3.    Que veux-tu que je te fasse ?

Les disciples et la foule, qui désirent un messie vainqueur, sont les symboles de la société dure, qui ne veut pas voir les pauvres ou qui les écarte du chemin quand ils deviennent un peu gênants . Au lieu de mener l’aveugle vers Jésus, on le fait taire, comme les puissants font taire ceux qui contestent leur pouvoir.

Jésus, lui, va vers le pauvre.

Mais il lui pose une question étrange : « que veux-tu que je fasse pour toi » ? Nous pensons: il est évident que l’homme veut voir ! En fait, ce n’est pas si évident que cela. Nous avons entendu parler des sans domicile fixe qui refusent d’aller dans les foyers d’accueil qu’on leur propose, pour garder leur liberté et cela étonne.
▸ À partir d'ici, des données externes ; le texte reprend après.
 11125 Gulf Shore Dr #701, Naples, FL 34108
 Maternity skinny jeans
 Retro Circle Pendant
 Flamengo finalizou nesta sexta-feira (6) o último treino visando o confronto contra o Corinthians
L’aveugle est installé dans son handicap avec lequel il a appris à vivre, grâce auquel il a un certain succès quand il fait la man-che. Jésus ne le guérit pas sans que l’homme dise « je veux voir ». Pour qu’il puisse être guéri, il faut qu’il ait pu affirmer sa volonté de sortir du handicap. Jésus ne résout pas les problè-mes des gens sans ou contre eux.

Imaginons que Jésus, en réponse à nos prières «aie pitié de nous » vienne vers nous et nous demande: « que veux-tu que je fasse pour toi ? ». Que lui répondre? Toute réponse engage. S’il risque de nous ouvrir les yeux sur la vanité qui nous entoure et nous dit : « voici, tu peux y aller et agir », est-ce que nous lui demandons encore de nous ouvrir les yeux ?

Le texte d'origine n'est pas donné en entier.